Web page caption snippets
━━━━━━━━━━━━━━━━
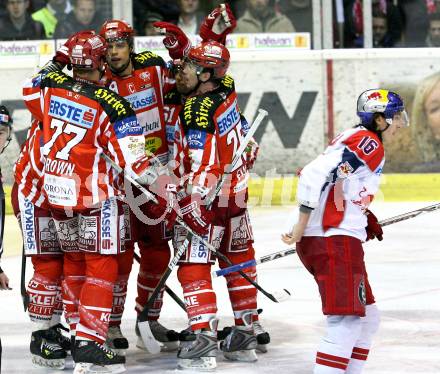 EBEL. Eishockey Bundesliga. KAC gegen  EC Red Bull Salzburg. Torjubel KAC. Klagenfurt, am 20.11.2008.
Foto: Nadja Kuess 

---
pressefotos, pressefotografie, kuess, qs, qspictures, sport, bild, bilder, bilddatenbank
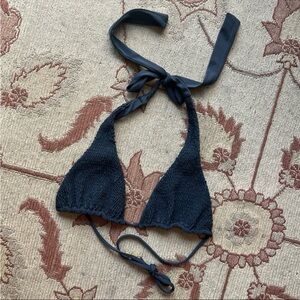 Tori Paver slate grey ruched triangle bikini top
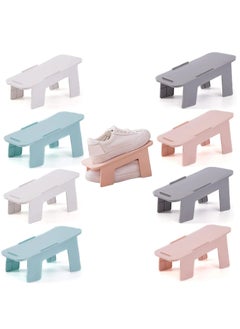 Shoe slots organizer, Double Layer Stack Shoe 50% Space-Saving Storage Shoe Rack Detachable and combinable simple shoe rack creative storage shoe rack household shoe storage rack(8 Pack)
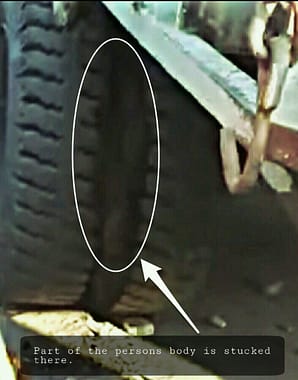 Body Stucked in Between tyres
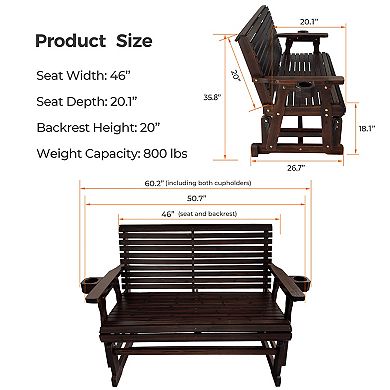 Patio Glider with Cup Holders, High Roll Back and Deep Contoured Seat,Heavy Duty 800 Lb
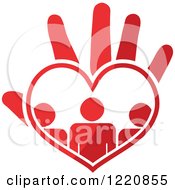 Clipart Of Red People In A Heart Over A Hand Royalty Free Vector Illustration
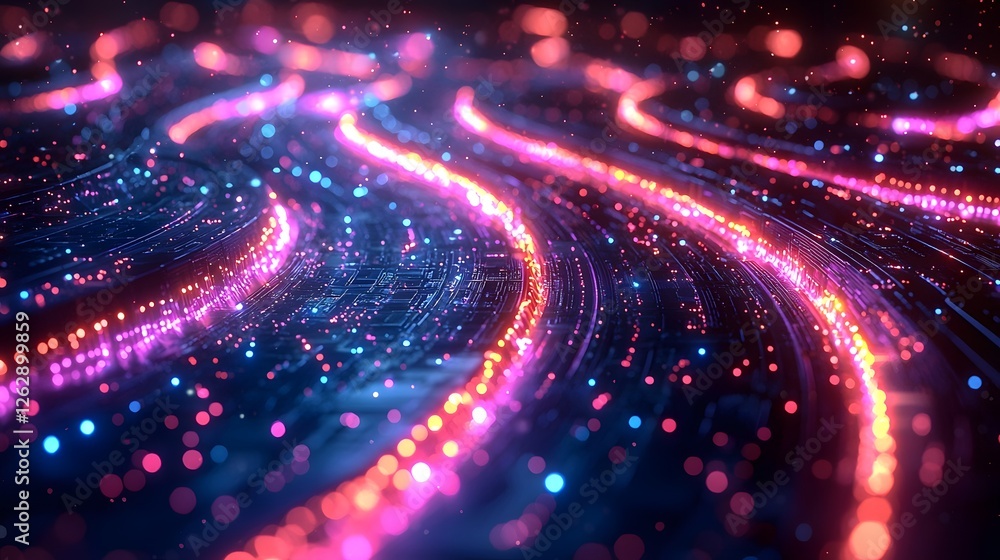 Poster radiant quantum circuit board with glowing computational pathways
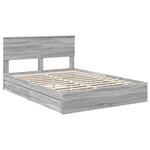 vidaXL Lit de Rangement Gris Sonoma 150 x 200 cm Bois d'ingénierie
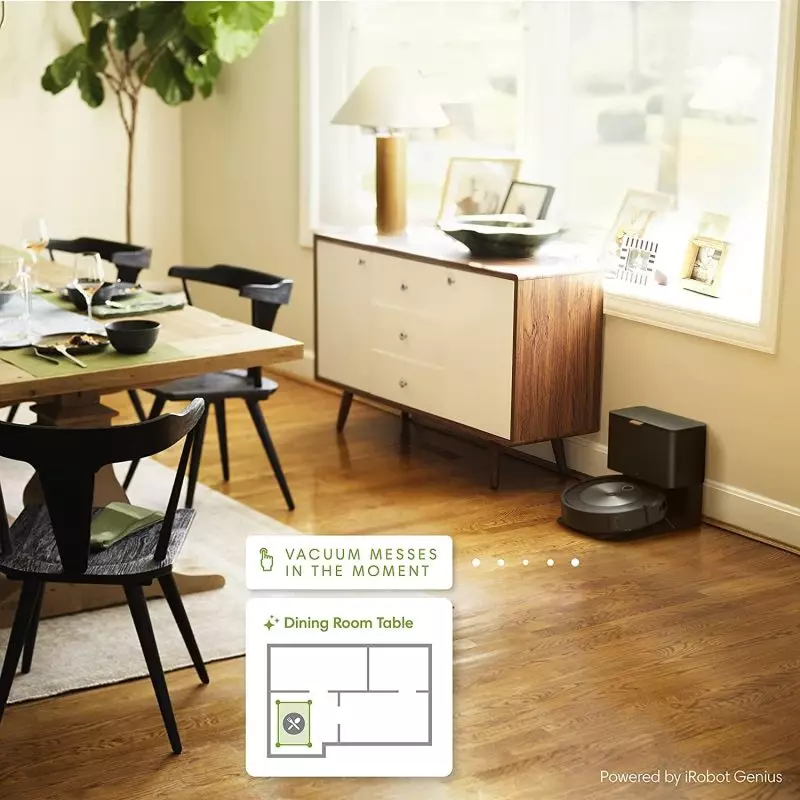 Roomba j7+ robot vacuum automatically disposing dirt into the Clean Base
━━━━━━━━━━━━━━━━
__ASSIGNED TASK__:
The entries must be written out again unchanged. Images are to be left out.

__RESPONSE FOR THIS EXERCISE__:
 EBEL. Eishockey Bundesliga. KAC gegen  EC Red Bull Salzburg. Torjubel KAC. Klagenfurt, am 20.11.2008.
Foto: Nadja Kuess 

---
pressefotos, pressefotografie, kuess, qs, qspictures, sport, bild, bilder, bilddatenbank
 Tori Paver slate grey ruched triangle bikini top
 Shoe slots organizer, Double Layer Stack Shoe 50% Space-Saving Storage Shoe Rack Detachable and combinable simple shoe rack creative storage shoe rack household shoe storage rack(8 Pack)
 Body Stucked in Between tyres
 Patio Glider with Cup Holders, High Roll Back and Deep Contoured Seat,Heavy Duty 800 Lb
 Clipart Of Red People In A Heart Over A Hand Royalty Free Vector Illustration
 Poster radiant quantum circuit board with glowing computational pathways
 vidaXL Lit de Rangement Gris Sonoma 150 x 200 cm Bois d'ingénierie
 Roomba j7+ robot vacuum automatically disposing dirt into the Clean Base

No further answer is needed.